The listing below holds a line with "Marina Rinaldi Robe" and a later line with "カスタム不動産仲介業者局 ウィンドウサイン". Write out those two lines and every line between them, exactly, and nothing else.

(Information supplied)

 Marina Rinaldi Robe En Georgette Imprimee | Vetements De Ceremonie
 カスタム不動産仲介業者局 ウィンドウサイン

(End Information supplied)
(Information supplied)

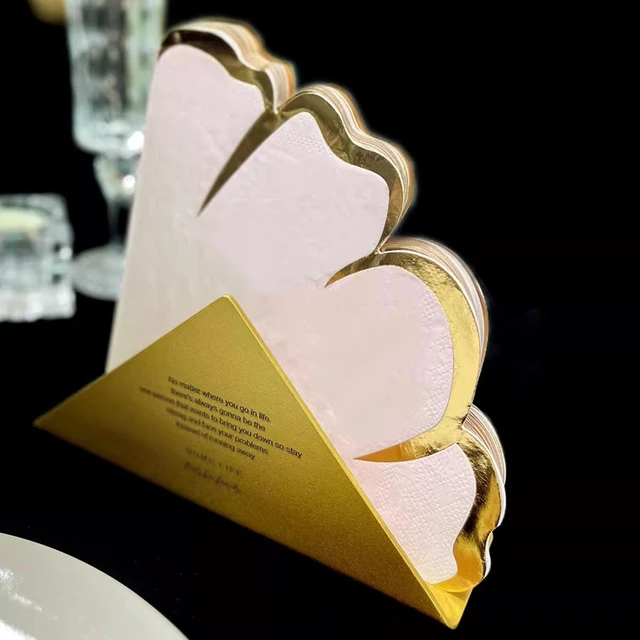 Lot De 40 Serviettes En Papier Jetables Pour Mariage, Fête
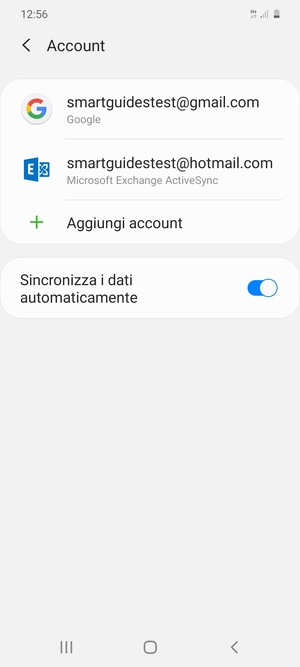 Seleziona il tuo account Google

(End Information supplied)

■ **Your solution**:
 Marina Rinaldi Robe En Georgette Imprimee | Vetements De Ceremonie
 カスタム不動産仲介業者局 ウィンドウサイン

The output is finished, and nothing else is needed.